Recommendation: Hold

Sanjiv Shankaran

A MARKED increase in sales productivity helped Pfizer post a healthy growth in net profit in 2000-01 first half (the company's financial year ends in November).

Driving the growth in net profit was the 16 per cent jump in net sales. The net sales was Rs 168.32 crore, up Rs 22.64 crore over the corresponding previous period.

Three products made significant contributions to Pfizer's sales -- Hepashield (Hepatitis B vaccine), Magnex (antibiotic) and Protinex. Of these, the first two are relatively new to the company's portfolio, while the third is a long standing product.

The 16 per cent growth in net sales -- is significantly higher than the overall market growth rate of around 10 per cent -- underlines the company's strategy of constantly trying to improve the productivity of the field force to extract more mileage out of the limited product basket. Pfizer derives a significant service income by working in tandem with its parent, Pfizer Inc, to conduct clinical trials for drugs. A 21 per cent increase in the `other income' component helped Pfizer end with an aggregate income of Rs 196.45 crore, up by Rs 27.45 crore in the first half of 2000-01 (16.24 per cent) compared to corresponding previous period.

Cost-control is an important objective for Pfizer. The move has paid rich dividends as the company has managed to improve profitability without spectacular growth in sales. The case in 2000-01 first half was much the same: Overall, the cost structure did not increase significantly.

Pfizer's operating profit for the first half of 2000-01 was Rs 39.18 crore, up by Rs 9.52 crore (32 per cent) in relation to the corresponding previous period. The profitability of operations rose significantly; up to 19.94 per cent in the first half of 2000-01 compared to 17.55 per cent in the corresponding previous period.

The interest expense was small as also depreciation. With the proportion of profit earmarked towards tax provision remaining around 40 per cent, Pfizer ended the year with a net profit of Rs 21.40 crore, up 35 per cent over the corresponding previous period.
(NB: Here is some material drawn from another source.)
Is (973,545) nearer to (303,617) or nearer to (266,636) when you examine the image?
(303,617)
The net profit, as a proportion of aggregate income, was 10.89 per cent, significantly higher than 9.40 per cent recorded in the corresponding previous period.

Pfizer's earnings per share (EPS) was Rs 9.13 for the first half, up by about 35 per cent compared to the corresponding previous period. The current share price is Rs 455, leading to a price-earnings multiple (PEM) of about 25, when the half-yearly EPS is annualised.
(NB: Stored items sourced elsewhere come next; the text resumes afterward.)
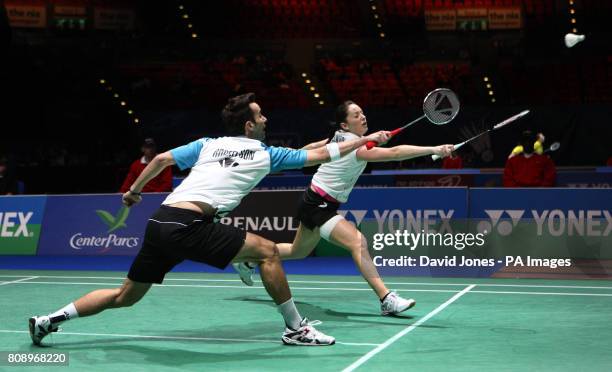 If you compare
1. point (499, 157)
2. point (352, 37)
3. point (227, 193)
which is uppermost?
point (352, 37)

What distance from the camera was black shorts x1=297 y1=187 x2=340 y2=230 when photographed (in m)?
7.62

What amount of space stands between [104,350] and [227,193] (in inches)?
52.5

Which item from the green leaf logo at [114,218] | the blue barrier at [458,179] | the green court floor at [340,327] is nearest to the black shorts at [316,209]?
the green court floor at [340,327]

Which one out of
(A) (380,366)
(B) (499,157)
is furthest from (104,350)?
(B) (499,157)

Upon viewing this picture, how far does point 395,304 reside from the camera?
277 inches

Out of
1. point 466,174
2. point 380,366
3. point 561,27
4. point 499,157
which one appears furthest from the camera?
point 561,27

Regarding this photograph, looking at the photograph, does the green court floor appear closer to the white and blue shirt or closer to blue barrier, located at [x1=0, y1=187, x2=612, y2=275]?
blue barrier, located at [x1=0, y1=187, x2=612, y2=275]

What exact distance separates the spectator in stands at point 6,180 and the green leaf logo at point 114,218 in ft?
8.65

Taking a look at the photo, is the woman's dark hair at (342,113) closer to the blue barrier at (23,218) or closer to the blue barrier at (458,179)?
the blue barrier at (23,218)

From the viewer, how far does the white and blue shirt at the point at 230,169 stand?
18.5 feet

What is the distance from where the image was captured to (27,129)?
22484mm

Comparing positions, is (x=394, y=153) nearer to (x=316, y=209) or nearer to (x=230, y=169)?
(x=316, y=209)

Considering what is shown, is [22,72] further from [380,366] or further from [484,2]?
[380,366]

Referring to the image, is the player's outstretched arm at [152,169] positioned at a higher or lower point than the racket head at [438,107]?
lower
Outlook: The essence of Pfizer's strategy can be summed up thus: Extract the maximum out of a limited product basket that, however, is filled with firmly entrenched brands.

To do that, Pfizer has sharply focussed on improving the productivity of its sales force and ironing out superfluous cost. Product launches are few and, consequently, Pfizer has put in a lot of effort and resources behind the existing product. The rise in operating efficiency of the firm is a case where sharp focus has borne fruit.
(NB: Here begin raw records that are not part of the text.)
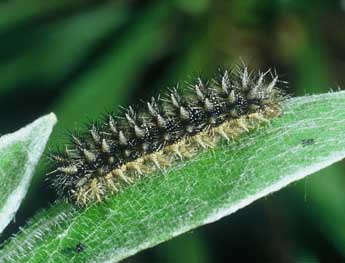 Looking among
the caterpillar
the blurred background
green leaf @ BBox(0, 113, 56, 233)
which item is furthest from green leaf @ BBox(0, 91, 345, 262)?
the blurred background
The remaining half of the year is also likely to see a marked growth in net profit. But it may not be time to buy the shares of Pfizer. The share price has been weak of late, which can be traced back to both the overall lack of interest in the equity market as well as a correction of the fanciful valuations in the pharmaceutical sector. Till all the external factors diminish, it may not be lucrative to take an exposure in the Pfizer stock.